To determine which provider is supported by a specific OS design, check for unique DLLs associated with each provider. The following table shows the DLLs for Kerberos, NTLM, and Schannel security providers.
The following example shows how to update the registry to install an SSP.
[HKEY_LOCAL_MACHINE\Comm\SecurityProviders] Providers=REG_SZ:provider1.dll, provider2.dll,...
A single DLL can contain multiple security packages; for example, SSL2 and SSL3.
The application programming interfaces (APIs) contained in the SSPI are divided into the following functional areas:
- Package management
- Credential management
- Context management
- Message support
Package management functions enumerate and query the attributes of the security packages of an SSP. These functions list the security packages available on a SSP, and enable an application to select one from the available security packages to support its requirements.
Credential management functions enable applications to gain access to the credentials of a principal, where a principal is an entity recognized by the security system. Such entities include human users and autonomous processes.

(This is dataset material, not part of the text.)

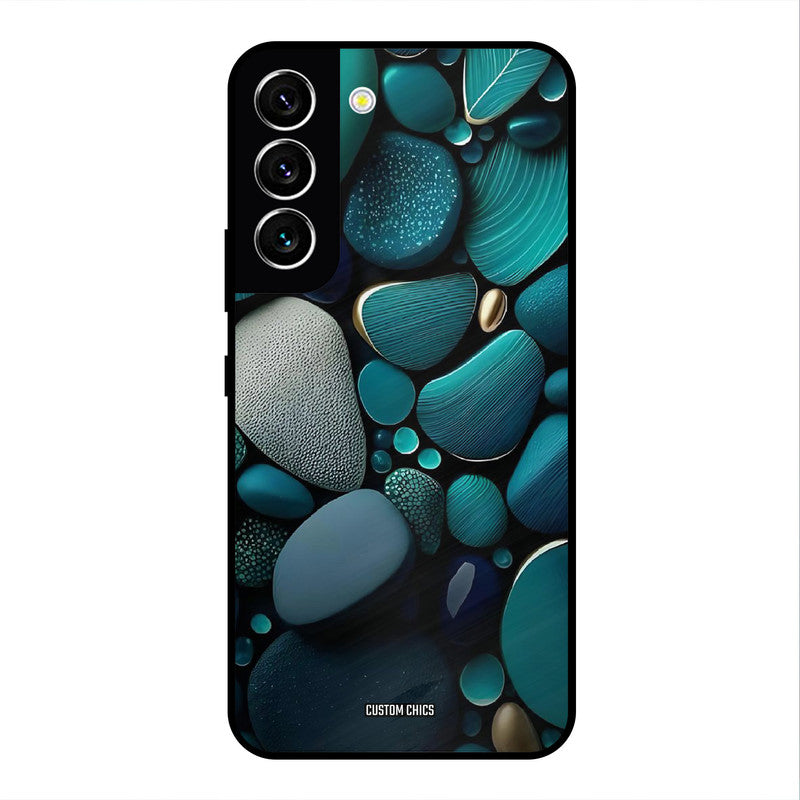 Green Stones Samsung Galaxy S22 Mobile Back Cover - Aesthetic PrintShield Case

A credential is data such as a password or user name used by a principal to establish the principal's identity.
Context management functions enable applications to create and use security contexts. A security context is security data, including session key and session duration, relevant to a connection. Both client and server must cooperate to create a security context. The client and the server can then use the security context with message support functions to ensure message integrity and privacy during the connection.
Message support functions enable an application to transmit messages that cannot be tampered with. The message support functions work with one or more buffers that contain a message and an associated security context created by the context management functions.